Matanzas oil storage facility explosion
- Time: 5 August 2022
- Duration: Extinguished itself
- Location: Matanzas, Cuba; 23°04′28″N 81°32′16″W﻿ / ﻿23.07444°N 81.53778°W;
- Type: Oil storage explosion
- Cause: Lightning strike
- Deaths: 17 Firefighters
- Injuries: 80–125
- Missing: 17
- Property damage: Unknown

= Matanzas oil storage facility explosion =

2022 oil explosion in Matanzas, Cuba

The Matanzas oil storage facility explosion was an explosion on 5 August 2022 of an oil storage facility in Matanzas, Cuba. It resulted in the death of at least one person, injuring 80 to 125 others, and leaving 17 firefighters missing. The explosion forced the evacuation of 4,900 people from the city, shut the local thermal power station, and sparked fears of an energy crisis in the country.

==Explosion==
The explosion took place on the night of 5 August during a thunderstorm. Lightning struck a fuel tank, causing an explosion. Black smoke from the ensuing fire spread up to 100 kilometers (62 miles) towards Cuba's capital city of Havana. Subsequent to the first explosion, the fire spread to several other fuel tanks at the facility, destroying significant amounts of fuel. The first tank was at 50%, containing 25,000 cubic meters (883,000 cubic feet) of fuel while the second was full. The injured were hospitalized with five people in critical condition and 20 remained hospitalized.

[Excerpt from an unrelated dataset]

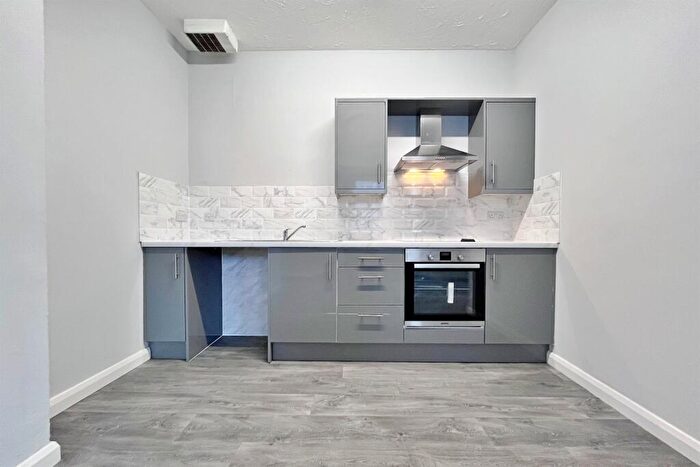 2 Bedroom Flat To Rent In Bournemouth, BH1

During the weekend, firefighters sprayed water on the remaining 10 fuel tanks to keep them cool and prevent the spread of the fire. Local officials warned residents to wear facemasks and stay indoors to avoid the sulfur dioxide smoke. The smoke also contained nitrogen oxide, carbon monoxide and other poisonous substances with the risk of acid rain. Five days after the fire started, the fires had been mostly brought under control with grey smoke mostly replacing the original black plumes.

==International aid==
The countries of Mexico and Venezuela aided Cuba during the event by sending 100 firefighters, firefighting equipment, and two fireboats from both countries. Venezuela sent 85 volunteers and 20 tons of foam and chemicals. China sent aid with rescue and recovery operations. At least one senior Cuban government official showed frustration due to the lack of United States help. The United States had offered Cuba technical support, but as of early August no material had arrived. Cuban officials were glad to have technical advice on social media but at the same time consistently pointed out how little they received from the US. A United States Department of State spokesperson later stated that they had a general discussion on the event, but that the Cuban government had not formally requested U.S. government aid. A high-ranking Cuban official made urgent calls to the international community for help. In Miami, several activists asked the U.S. Department of State to do more to assist.